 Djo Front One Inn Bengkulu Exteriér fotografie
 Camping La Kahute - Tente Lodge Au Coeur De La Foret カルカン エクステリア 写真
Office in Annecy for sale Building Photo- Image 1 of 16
...
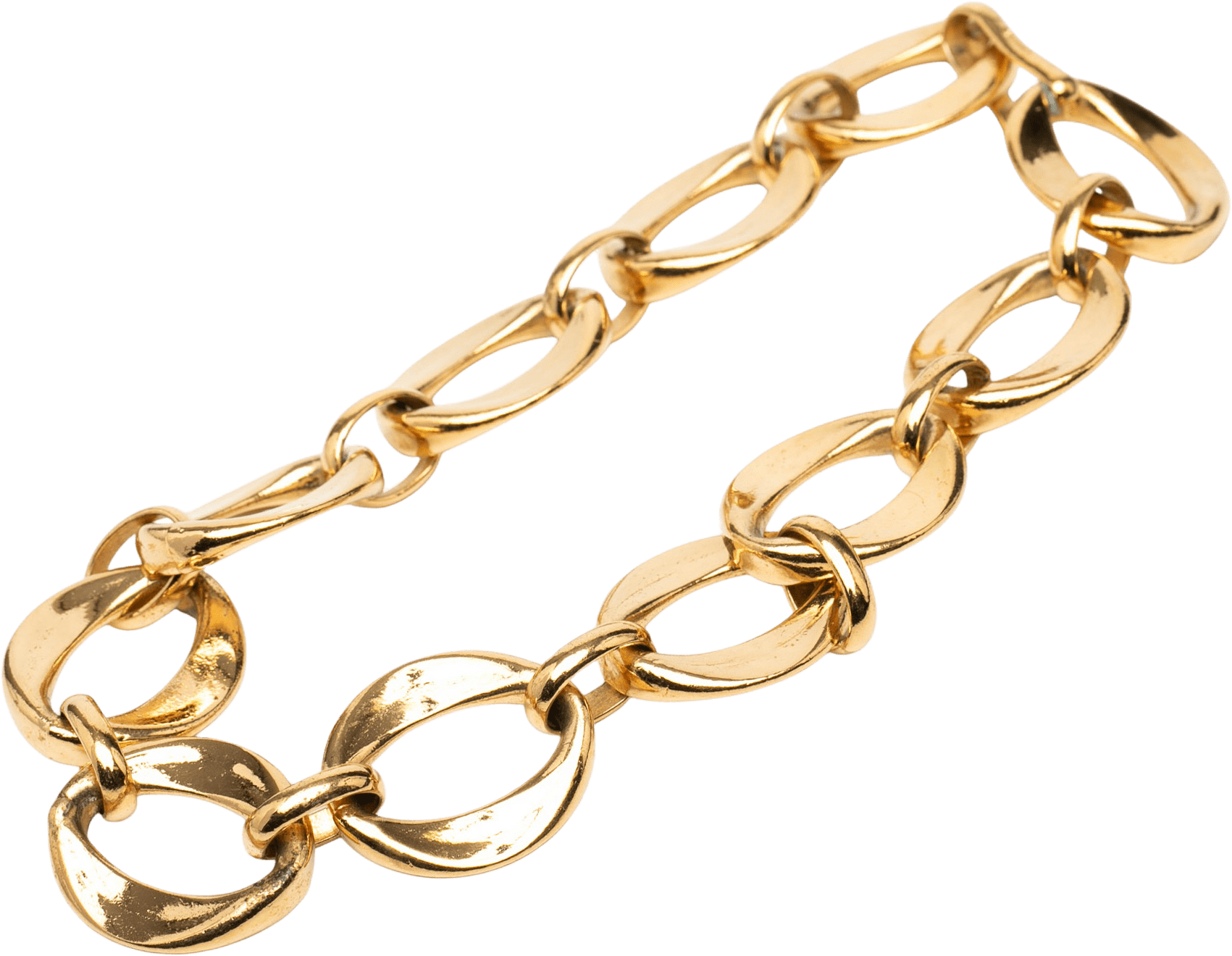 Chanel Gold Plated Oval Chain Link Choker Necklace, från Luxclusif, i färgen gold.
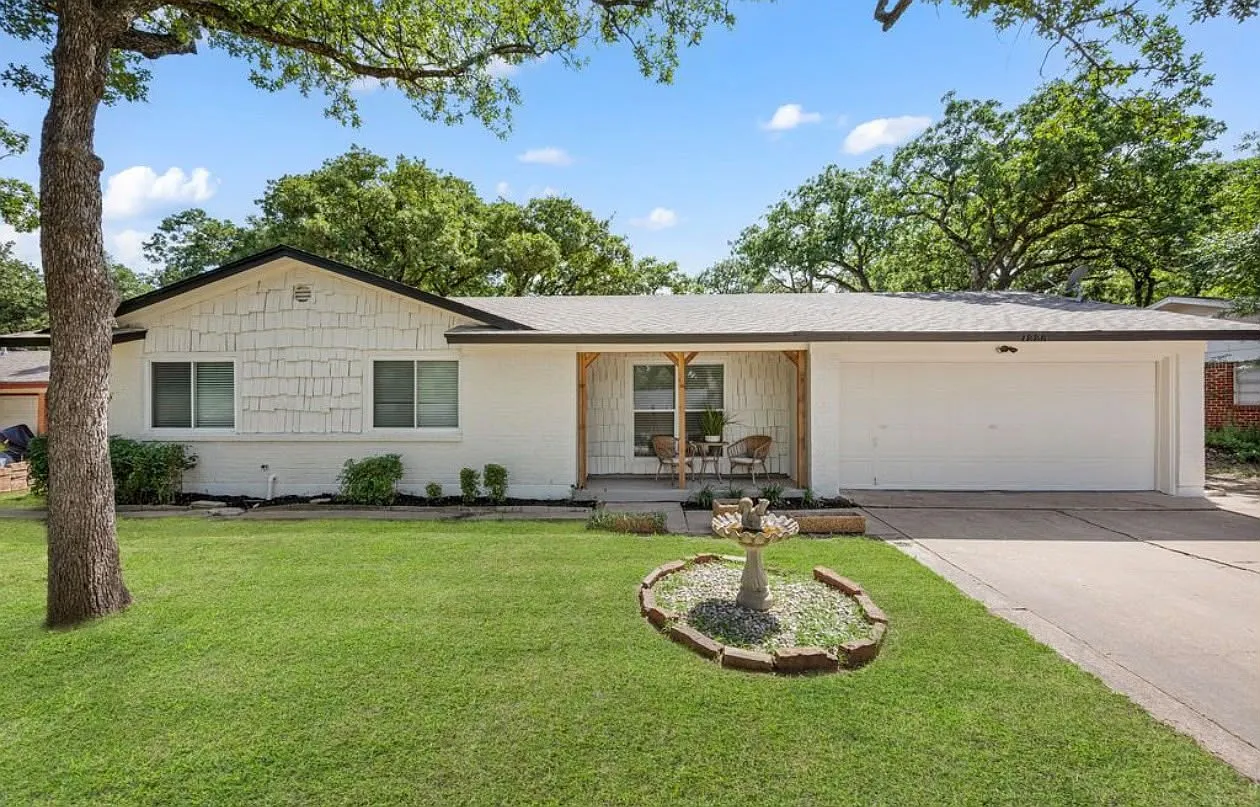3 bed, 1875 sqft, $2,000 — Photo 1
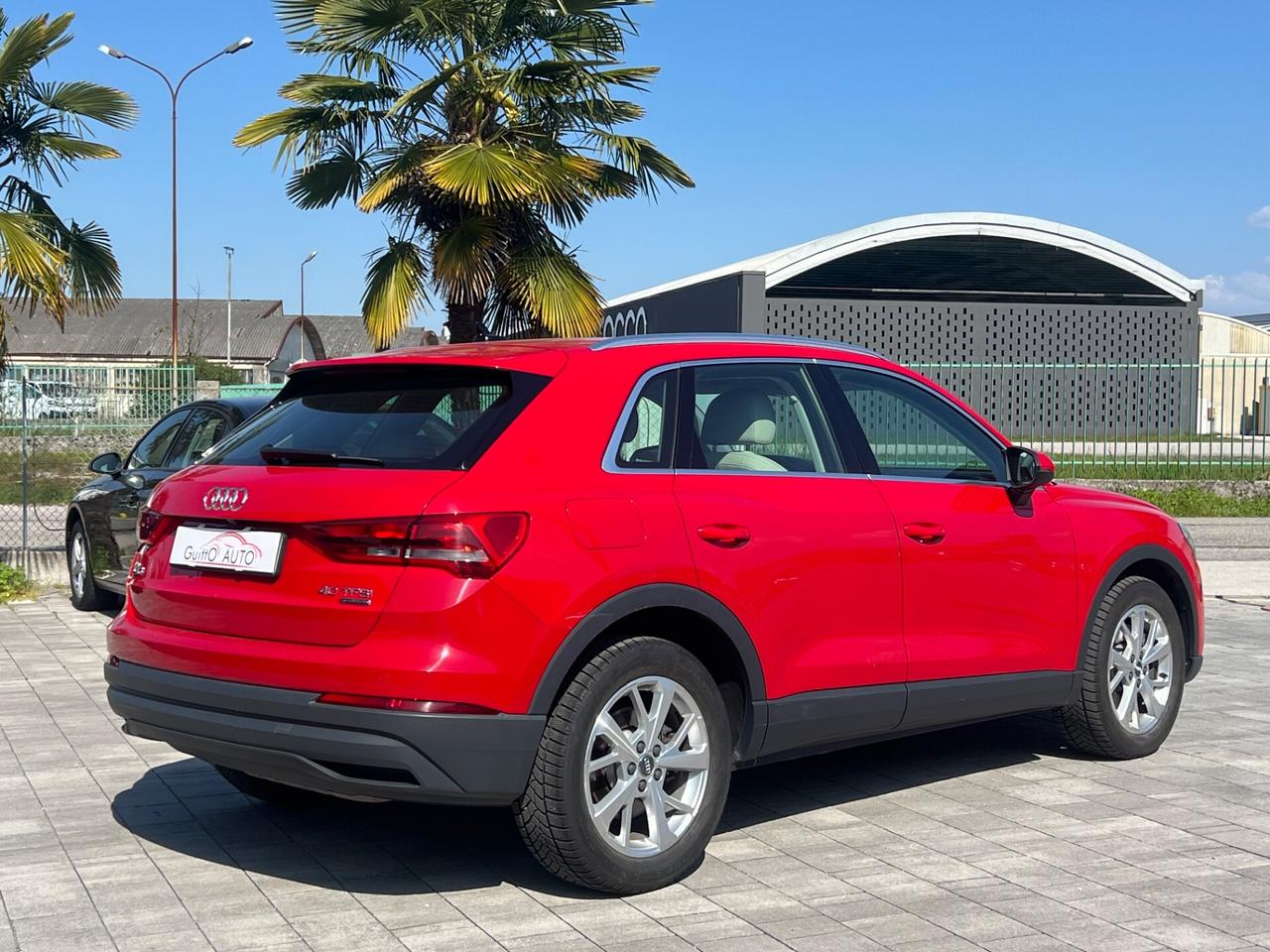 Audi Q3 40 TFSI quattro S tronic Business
...
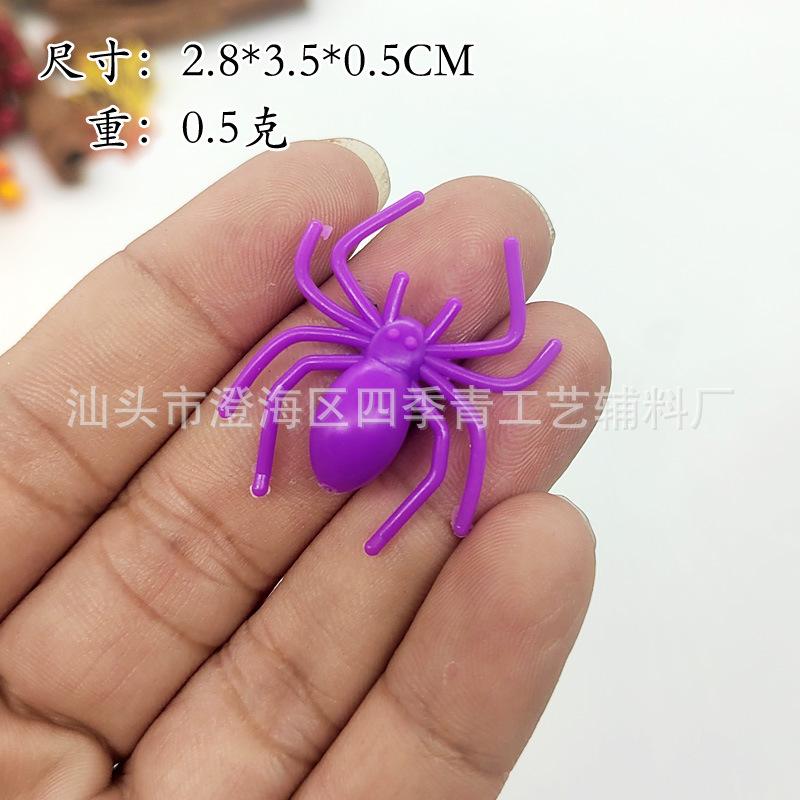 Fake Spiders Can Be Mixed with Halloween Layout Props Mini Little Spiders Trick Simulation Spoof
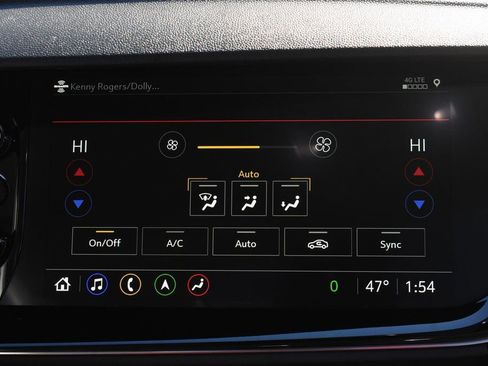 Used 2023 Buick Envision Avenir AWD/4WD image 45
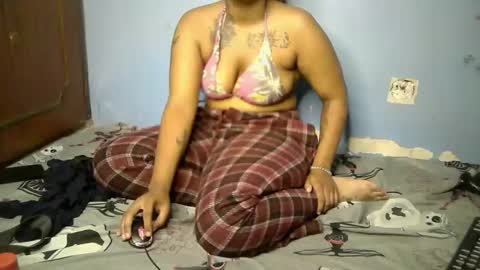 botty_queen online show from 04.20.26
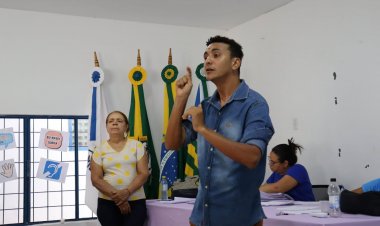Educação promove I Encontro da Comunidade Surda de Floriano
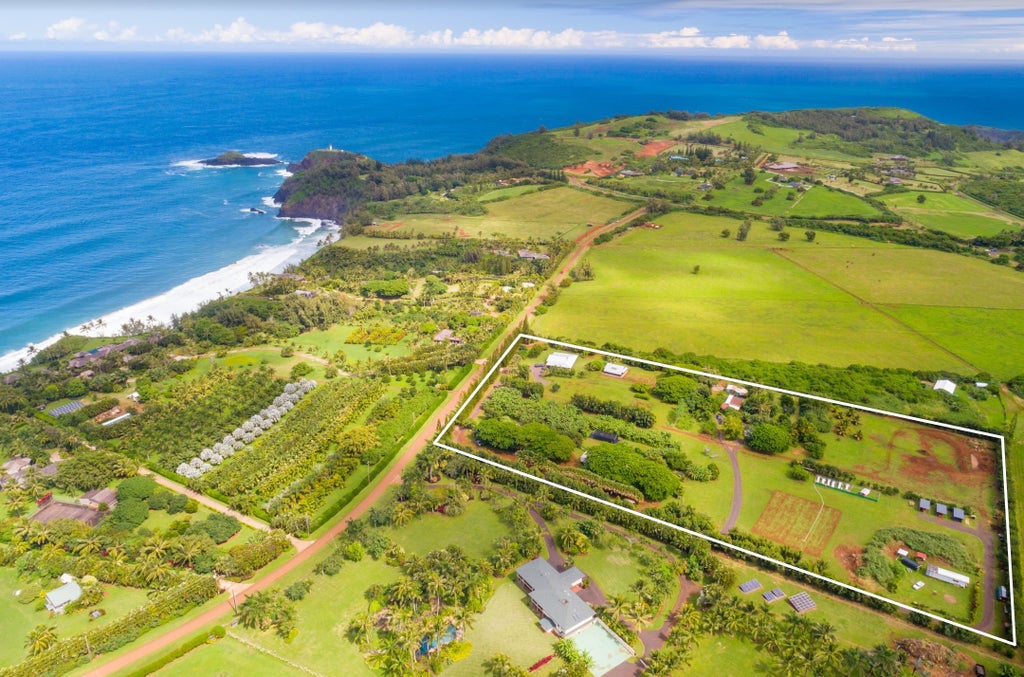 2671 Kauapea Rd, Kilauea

# [TASK DESCRIPTION]
Quote the lines above exactly, starting with the one that has "botty_queen online show from 04.20.26" and ending with the one that has "2671 Kauapea Rd, Kilauea"; drop the pictures and include nothing else.

# [RESPONSE FOR THIS EXERCISE]
 botty_queen online show from 04.20.26
Educação promove I Encontro da Comunidade Surda de Floriano
 2671 Kauapea Rd, Kilauea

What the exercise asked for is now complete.